Another retailer complained to SPI that “FIGS has great marketing” and implored SPI that it “sadly needs a refresh” and “good material like FIGS.”
SPI recognized that DTC companies like FIGS “have a big lead” with a “five-year head start” on SPI and are a “threat,” since SPI is “years behind Amazon and the DTC companies” and because FIGS’ direct channel represented a “competitive advantage.”
SPI said FIGS was “picking up significant momentum” and “was pulling consumers and dollars away from traditional manufacturers and retailers” like SPI’s model.
SPI said that it wanted to take on FIGS, but recognized that it couldn’t because it was “handcuffed” by its retailers. Indeed, SPI’s retailers told SPI that “the idea that SPI can have its cake and eat it too by selling direct on two fronts and squeezing retailers . . . is not a tenable long-term situation for SPI or its retailers.”
SPI told its retailers that it understood the “growing pressures” caused by FIGS’ success, that it does not underestimate FIGS’ “growing ability to disrupt our business,” and it implored its retailers to “make the battle . . . fierce” and to “work together to make it harder” for FIGS to succeed.
SPI decided that it needed “to pressure [FIGS’] bottom line, compete with them for business, drive up their cost and dry up their funding.

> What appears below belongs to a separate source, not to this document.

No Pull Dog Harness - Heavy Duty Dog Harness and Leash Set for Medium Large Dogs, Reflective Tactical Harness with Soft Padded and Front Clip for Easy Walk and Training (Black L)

If we have the guts to impact them, especially in the short-term by out spending them, and being willing to sacrifice some EBITDA in the short run, we can limit their future success.” One retailer asked SPI to “hinder FIGS’ ability to secure funding,” “create skepticism among FIGS investors and cause them to pull back on the seemingly endless supply of funding.” Another told Singer, “it’s do or die.”
As a result, Singer asked his team, “how do we attack” FIGS?